Kade Heckel: Optimizing GPU/TPU Code With JAX and Pallas

Kade Heckel discusses optimizing GPU/TPU code using JAX and Pallas in this Hacking Hour session.

In this Hacking Hour, Kade Heckel, creator of the JAX-based spiking neural network (SNN) library “Spyx,” joins host Jens E. Pedersen. They explore techniques for optimizing SNN code for GPUs and TPUs using JAX and the Pallas library, covering practical approaches to accelerate neuromorphic and machine learning computations.

Key Themes and Ideas

  • JAX’s Functional Paradigm and Optimization:

  • JAX’s functional design is a major strength, enabling efficient tracing and Just-In-Time (JIT) compilation for significant speedups on accelerators.

    “the functional Paradigm allows for some really neat tracing capabilities so you can just in time compile or even ahead of time compile entire workflows and then you get pretty good speed ups and efficiencies when you’re running it on GPU”

  • JIT compilation can encompass entire training loops (data loading, forward/backward passes, optimizer updates), leading to “pretty obscene speed Ups.”

  • Significant speedup observed in data loading by fitting datasets entirely into VRAM and performing unpacking/shuffling within high-bandwidth GPU memory.

    “you can fit these data sets completely into vram… and then you can just unpack those batches of spikes as you’re feeding it into the network… and then you can also Shuffle those rows all within the high bandwidth memory of the GPU and it’s a whole lot faster than having to go out to the… CPU Ram”

  • JAX’s JIT compilation sends kernels to the GPU in a “run ahead fashion,” removing the Python interpreter from the critical path.

  • Spyx: A JAX-based SNN Library:

  • Created by Kade Heckel for JAX-compatible SNNs, especially for neuroevolution with EvoJAX, aiming for seamless end-to-end integration.

    “I decided like hey it might be pretty useful to build a jack spaced snn Library”
    “the initial Focus was like yeah let’s get an snn library that you can use end to end with this evolutionary strategy Library”

  • Built on DeepMind’s Haiku, allowing use of Haiku layers.

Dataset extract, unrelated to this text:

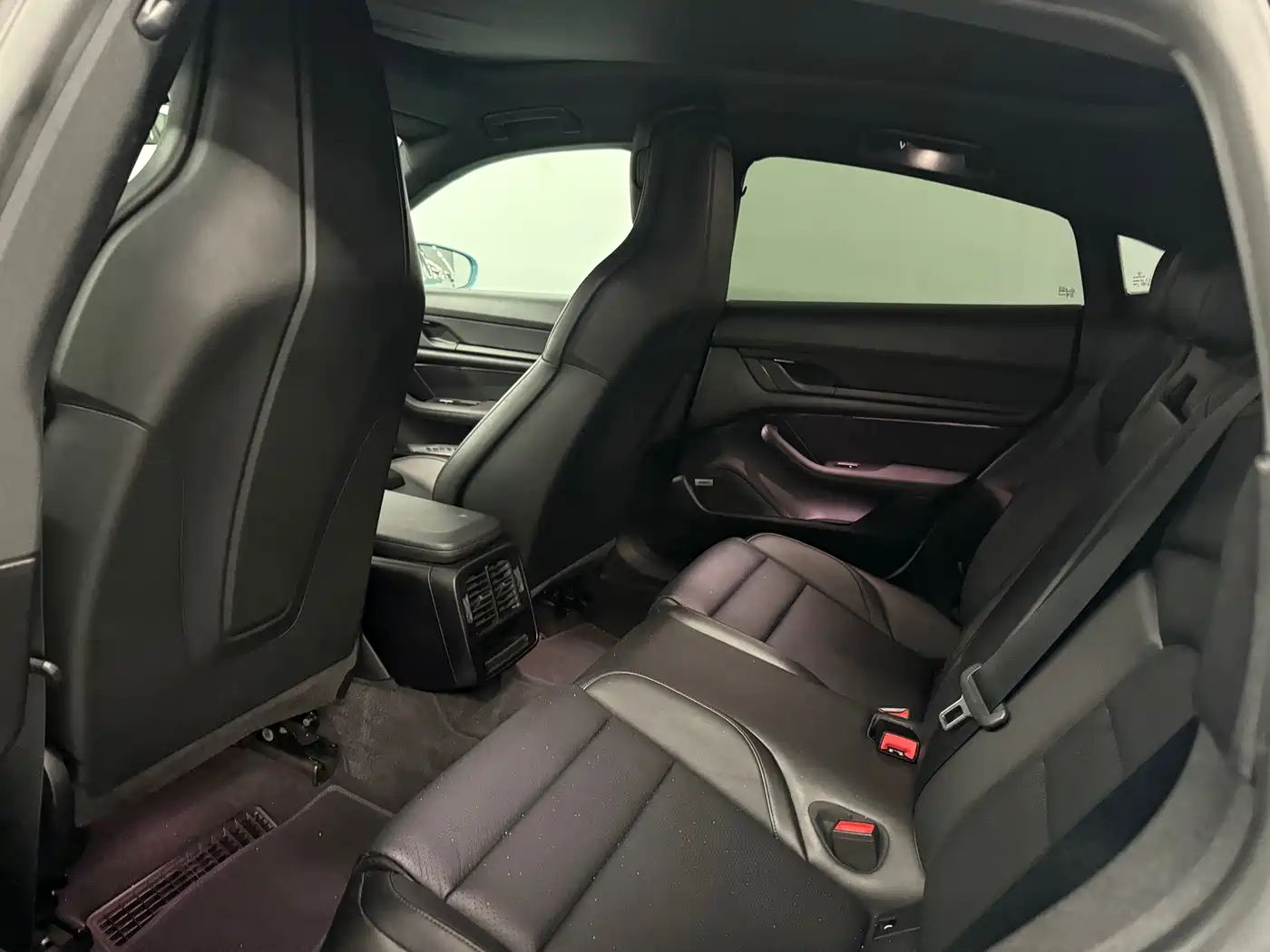 Porsche Taycan 2020 Taycan фото 12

  • A key advantage is writing straightforward Python code (similar to PyTorch) that achieves high performance (close to hand-rolled CUDA) upon JIT compilation.

    “you can write python code that’s pretty straightforward or pretty similar to what you it right with torch… but then when it gets compile just in time compiled down you end up getting pretty similar efficiencies to like a spiking Chell or some type of like higher performance like C based solution”

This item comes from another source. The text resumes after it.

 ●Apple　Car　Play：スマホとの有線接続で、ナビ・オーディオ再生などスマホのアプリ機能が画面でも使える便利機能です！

  • JAX’s Lowering Process and XLA:

  • Step 1: Staging out a specialized JAX expression (JAXpr).

  • Step 2: Lowering JAXpr into Stable HLO (High-Level Optimizer), XLA’s input language.

  • Step 3: XLA compiles HLO for the target architecture (GPU/TPU).

  • Step 4: Execution of compiled code.

  • The JAX JIT decorator automates this, caching code for speed. Manual stepping ( make_jaxpr, lower, compile) aids debugging.

  • JAX (via XLA) can automatically fuse multiple operations into a single kernel.

  • Pallas: A Lower-Level Kernel Language:

  • An experimental JAX extension for writing hardware-aware/specific kernels.

  • Provides a common interface to generate lower-level code for GPUs (via Triton) and TPUs (via Mosaic).

  • Involves mutable memory references, unlike JAX’s immutable approach.

    “Alice you actually do get references… to areas of memory they give you references and then you actually overwrite those arrays… you actually are overwriting state”

  • Requires specifying hardware details like grid/block sizes.

  • Pallas kernels typically appear as a single custom operation in HLO, unlike JAX’s fused operations.

  • Comparing JAX’s Built-in Optimizations and Pallas:

  • For simple element-wise operations (e.g., SuperSpike surrogate gradient), JAX’s automatic kernel fusion is highly efficient.

  • Benchmarking showed a manually written Pallas kernel for SuperSpike performed similarly to the JAX JIT-compiled version.

    “the thing is you look at this and you see that oh the… Jack’s just xoa the optimization process like it was able to fuse those kernels together anyways and all you had to do is write normal Python… you end up with the same performance”

  • The simplicity of the operation (element-wise, no complex memory access) likely contributes to JAX’s effectiveness.

  • Pallas might be necessary for more complex scenarios, especially those involving recurrence or specific hardware features.

  • Handling Recurrence with jax.lax.scan:

  • scan is the recommended way to handle loops/recurrence in a JIT-friendly manner.

  • It iteratively applies a function (loop body), managing state (carry) and input.

  • Avoids static unrolling of Python for loops in JIT-compiled functions, which can lead to massive code and slow compilation. scan translates to XLA-level loops.

  • Benchmarking showed a significant speedup (~5x) for a JIT-compiled scan-based recurrent function over an unrolled version.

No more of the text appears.